Pemerintah sebagai “perawat” jalan sudah menentukan anggaran, pastinya cukup untuk membuat jalan yang bagus sesuai standar. Bagian perencanaan juga sudah survey dan menentukan jenis material di sesuaikan dengan kondisi alam dan sosial setempat (kondisi tanah dan kondisi lalu lintas). Nah ketika pelaksanaan ini muncul berbagai kepentingan yang kompleks dan sambung menyambung.
Arisan nasional merupakan sebuah kebijakan yang bagus dan bijaksana, karena jalan merupkan fasilitas infrastruktur yang harus terus diperbaiki, dan jalan merupakan sarana pra sarana atau akses untuk meningkatkan pertumbuhan ekonomi, dan lain-lain, dengan jalan yang bagus penduduk di desa dengan mudahnya menjual hasil kekayaan alamnya ke kota-kota,dengan jalan yang bagus masyarakat dengan mudahnya medatangi kota-kota entah itu untuk mencari ilmu, bekerja atau berobat.

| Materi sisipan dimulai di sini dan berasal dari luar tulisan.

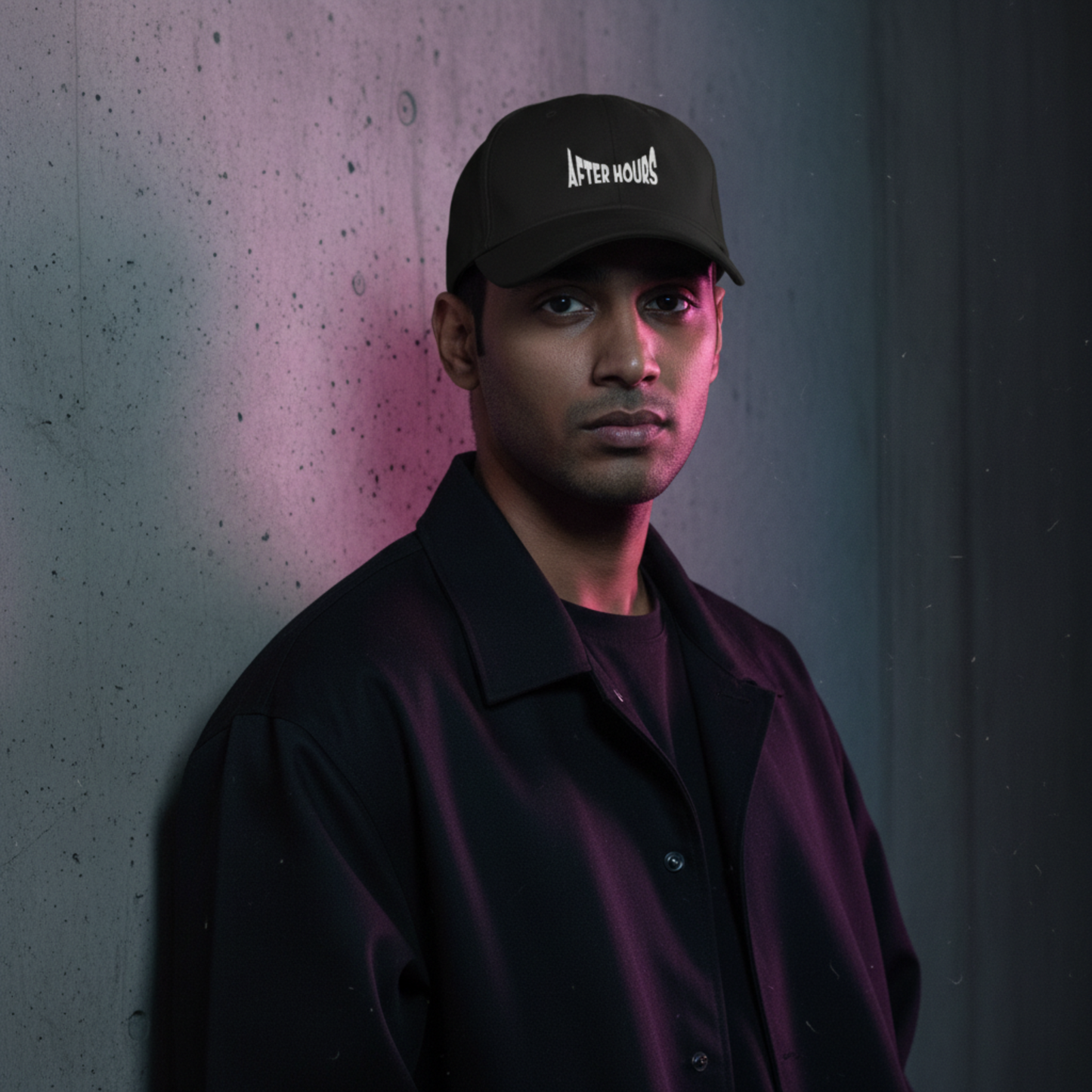 Black cap with 'AFTER HOURS' text embroidered on a grey background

Sepertiyang dijelaskan dalam Undang-Undang Nomor 38 tahun 2004 tentang jalan bahwa jalan sebagai bagian dari sistem transportasi nasional, mempunyai peranan penting terutama dalam mendukung bidang ekonomi, sosial dan budaya serta lingkungan dan dikembangkan melalui pendekatan pengembangan wilayah agar tercapai keseimbangan dan pemerataan pembangunan antar daerah, membentuk dan memperkukuh kesatuan nasional untuk memantapkan pertahanan dan keamanan nasional, serta membentuk struktur ruang dalam rangka mewujudkan sasaran pembangunan nasional.

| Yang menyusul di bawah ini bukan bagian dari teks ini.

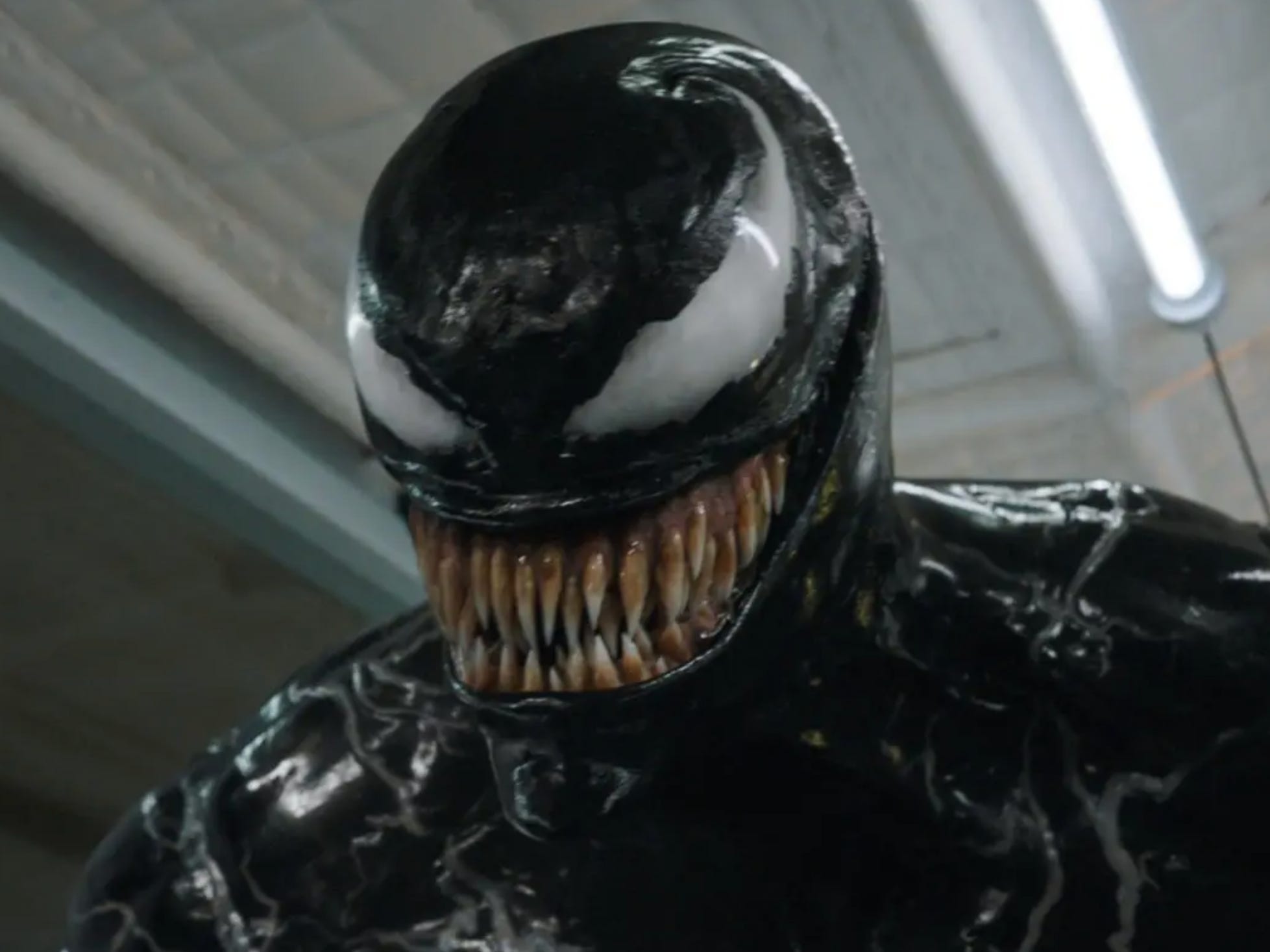 A black gooey alien with white eyes that curl up around its head. It has a large set of teeth protruding from its mouth.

Hanya saja jika ingin menerapkan Arisan Nasional ini, alangkah baiknya ini menjadi patokan bila perbaikan jalan tidak berjalan secara maksimal, perlunya pemeriksaan-pemeriksaan kendaraan-kendaraan yang harusnya membayar pajak, jangan sampai masyarakat tidak mau membayar pajak namun hanya menuntut perbaikan jalan. Mengingat perbaikan jalan juga terpengaruh dari pembayaran pajak tersebut. Dan di butuhkannya kerjasama dari kepala daerah seperti bupati masing masing wilayah untuk membangun infrastruktur masing - masing wilayahnya.